= Abe Ajay =

American artist

Abraham "Abe" Ajay (1919–1998) was an American artist who was best known for his artistic contributions for The New Masses magazine during the late 1930s and early 1940s. and also for his creative use of reliefs made of found objects during the 1960s and beyond. Abraham Ajay was born in Altoona, Pennsylvania in 1919 to Syrian immigrant parents. Ajay grew up working at his father's candy store and bar in Altoona until he graduated from high school. From an early age, Ajay had a passion for art and sought to harness his artistic abilities when he made the decision to move to New York City to study at the Art Students League of New York, and the American Artists School in Manhattan.

While studying in New York, Ajay became close friends with Ad Reinhardt, the art director for the left-wing culture magazine The New Masses, who inspired him to begin working for the magazine. Ajay's contributions during the late 1930s and early 1940s to New Masses were significant. Along with Reinhardt, Ajay helped to shape the artistic direction of New Masses during a period where the magazine incurred financial hardships. Ajay's contributions of covers and cartoons helped to give New Masses a strong artistic presence despite the overall decline of the magazine during the period. A lack of funding helped precipitate Ajay's departure from New Masses and as the years went on, his support for Communism waned.
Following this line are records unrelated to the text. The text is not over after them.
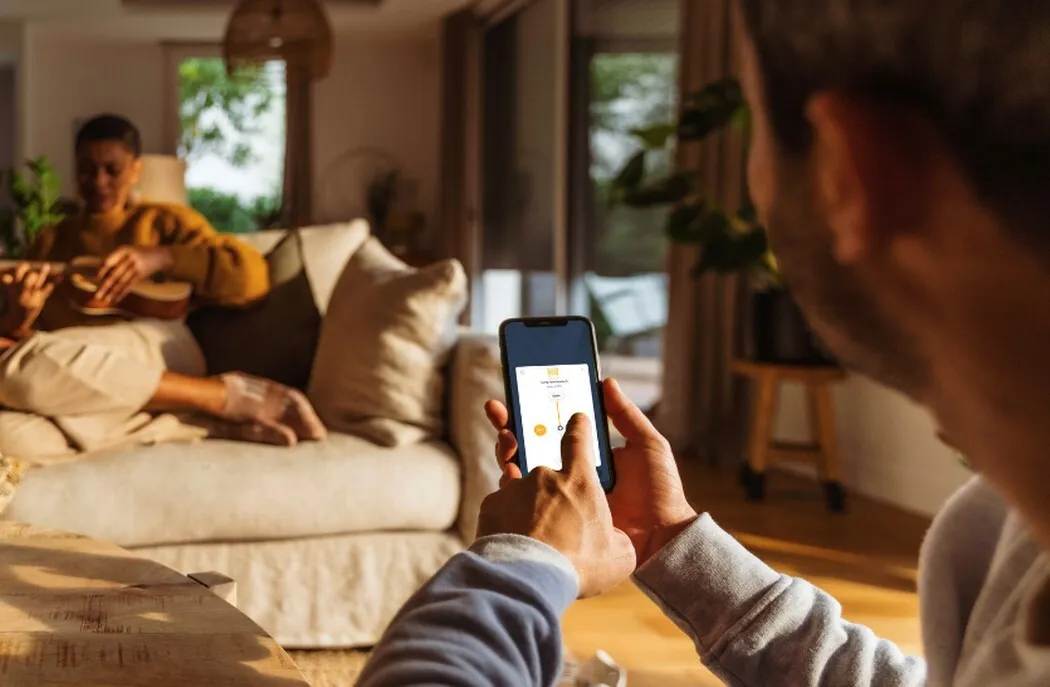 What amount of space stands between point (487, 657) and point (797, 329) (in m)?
3.14

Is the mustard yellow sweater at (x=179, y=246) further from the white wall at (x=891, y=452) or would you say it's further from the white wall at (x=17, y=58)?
the white wall at (x=17, y=58)

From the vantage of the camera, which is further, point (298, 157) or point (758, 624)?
point (298, 157)

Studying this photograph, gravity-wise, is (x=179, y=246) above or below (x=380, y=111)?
below

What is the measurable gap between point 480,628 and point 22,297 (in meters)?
2.19

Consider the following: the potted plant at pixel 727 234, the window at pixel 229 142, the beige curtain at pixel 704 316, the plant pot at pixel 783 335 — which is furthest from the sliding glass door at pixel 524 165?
the plant pot at pixel 783 335

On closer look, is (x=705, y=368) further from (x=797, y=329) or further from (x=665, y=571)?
(x=665, y=571)

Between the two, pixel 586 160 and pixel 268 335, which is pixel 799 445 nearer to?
pixel 268 335

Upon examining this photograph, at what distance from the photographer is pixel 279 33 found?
4211mm

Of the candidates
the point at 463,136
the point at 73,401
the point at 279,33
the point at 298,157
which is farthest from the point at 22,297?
the point at 298,157

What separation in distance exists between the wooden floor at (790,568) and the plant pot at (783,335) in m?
0.44

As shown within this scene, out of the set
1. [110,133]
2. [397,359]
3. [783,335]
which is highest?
[110,133]

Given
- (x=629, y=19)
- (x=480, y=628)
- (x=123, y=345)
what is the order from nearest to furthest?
(x=480, y=628), (x=123, y=345), (x=629, y=19)

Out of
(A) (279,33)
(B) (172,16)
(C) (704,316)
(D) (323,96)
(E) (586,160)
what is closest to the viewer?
(A) (279,33)

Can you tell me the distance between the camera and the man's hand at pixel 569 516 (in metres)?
0.64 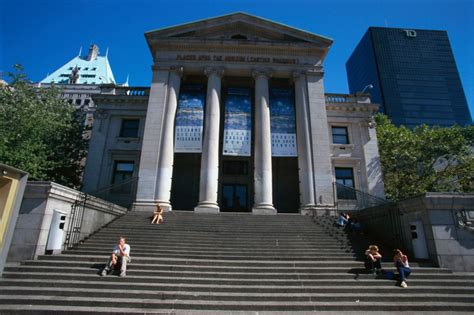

In the 1960s Ajay began to produce reliefs made of found objects. Later his often intricate constructions, created from tooled wood, gypsum and cast plastics, reminded may art historians of the sculptures of Louise Nevelson. In addition, many critics believe that Ajay's work illustrates religious architecture. It was during this time period when Ajay achieved considerable acclaim within the art community.

Ajay was a professor of visual arts at State University of New York at Purchase, N.Y from 1978 until his health began deteriorating towards the mid to late 1990s. Following a move back to Bethel, Connecticut, Ajay died of a cerebral hemorrhage in 1998 at the age of 78. He was survived by his wife, Betty Raymond. Ajay's work is contained in the Metropolitan Museum of Art, the Solomon R. Guggenheim Museum in Manhattan and the Hirshhorn Museum and Sculpture Garden in Washington. In addition, Ajay's work with New Masses is available in existing copies of the magazine found throughout the country.